A Él no le gusta halagar a la gente, y los discípulos no
parecen fáciles de convencer. Pero él no engaña, porque a él no le gusta el marketing. Su propuesta es cruda, directa y bastante
insoportable cuando pronuncia tres imperativos que resuenan como un desafío.
¿Quieres ser mi discípulo? Pues eso supone:
Niégate a ti mismo. Es decir, no te pongas en el centro del universo, no quieras sobresalir a toda costa, no hagas como todos los que, en nuestro mundo, se empujan unos a otros para ser vistos, para que se les note. No hace falta, porque tú eres único, eres precioso a los ojos de Dios, eres una obra maestra, ¿por qué has de luchar tanto para demostrarlo a los demás?
El discípulo verdadero,
como su Maestro, toma muy a pecho la felicidad de los que están cerca de él;
mira siempre más allá, pone su vida en juego para que todos pertenezcan al
Reino. No te pongas tú siempre en el centro, pon más bien en el centro de tu
vida el sueño de Dios, con toda libertad, como un adulto.

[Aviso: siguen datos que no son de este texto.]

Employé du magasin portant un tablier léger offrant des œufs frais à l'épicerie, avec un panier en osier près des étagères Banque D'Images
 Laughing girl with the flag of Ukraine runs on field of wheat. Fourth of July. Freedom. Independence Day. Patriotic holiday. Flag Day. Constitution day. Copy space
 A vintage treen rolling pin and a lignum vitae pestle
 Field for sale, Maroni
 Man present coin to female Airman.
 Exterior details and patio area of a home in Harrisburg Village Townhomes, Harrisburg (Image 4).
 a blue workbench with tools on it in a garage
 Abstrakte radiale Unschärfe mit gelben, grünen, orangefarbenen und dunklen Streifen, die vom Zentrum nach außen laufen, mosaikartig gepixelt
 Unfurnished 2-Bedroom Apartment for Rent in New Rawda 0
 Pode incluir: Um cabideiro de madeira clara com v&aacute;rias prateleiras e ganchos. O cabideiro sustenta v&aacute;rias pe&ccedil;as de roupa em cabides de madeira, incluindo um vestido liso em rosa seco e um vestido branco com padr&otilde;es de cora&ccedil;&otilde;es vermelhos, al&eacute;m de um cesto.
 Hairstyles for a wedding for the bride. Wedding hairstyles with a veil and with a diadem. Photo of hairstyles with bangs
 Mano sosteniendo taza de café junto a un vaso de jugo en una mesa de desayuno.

Toma tu cruz. Es decir que no tengas miedo de amar hasta que duela. Como Jeremías que no puede desprenderse del amor ardiente de Dios a pesar de las muchas decepciones que están viviendo.
Por
desgracia, una cierta devoción raquítica y sin perspectiva ha conseguido trastocar
y confundir el simbolismo de la cruz que, nacida como la medida del amor de
Dios, se ha convertido en el emblema del dolor. Y no es así en absoluto. Dios
no ama el dolor, que quede claro, ni tampoco lo exige. Sólo que, a veces, el
amor también significa tener que soportar el dolor y sufrir por los que amas. Y
Jesús sabe algo de eso, ¿verdad? Y las madres también, ¿no?
Sígueme. Es decir, comparte la elección que ha hecho Jesús, su sueño, su proyecto. Dios está siempre presente y se nos manifiesta, Él dirige nuestras decisiones con equilibrio e inteligencia cuando somos capaces de escuchar sus palabras, cuando nos dejamos moldear por su voz interior. Seguir a Jesús significa cambiar de horizonte, conocer la Palabra de Dios, y dejar que sea la fe la que motive y cambie nuestras decisiones, la que convierta nuestros corazones.
No
olvidemos que somos discípulos siempre, buscadores siempre a lo largo de
nuestra vida.
Nueva lógica, nuevo Dios
Tenéis
toda la razón en lo que, seguramente, estáis pensando: ¿cómo seguir a un Dios
así? De hecho, lenta e inexorablemente hemos ido aguando esta página del
evangelio, la hemos dulcificado para que sea aceptable, posible y razonable.
Pero el
amor que Dios nos tiene es muy poco razonable y, a menudo, nos señala metas
altísimas para corroborar que, con Él, somos capaces de llegar a ser sus
discípulos, viviendo como Jesús, abiertos al proyecto del Padre, sabiendo renunciar
a la propia seguridad o ganancia, buscando no solo el propio bien sino también
el bien de los demás. Este es el modo generoso de vivir que nos conduce a todos
a la salvación.
Es un evangelio
exigente el de hoy, cuando está acabándose el verano. Pero es un evangelio que
nos muestra de par en par cuál es el sueño de Dios para nosotros: que vivamos
nuestra vida en el amor a Dios y a los hermanos. Que así sea.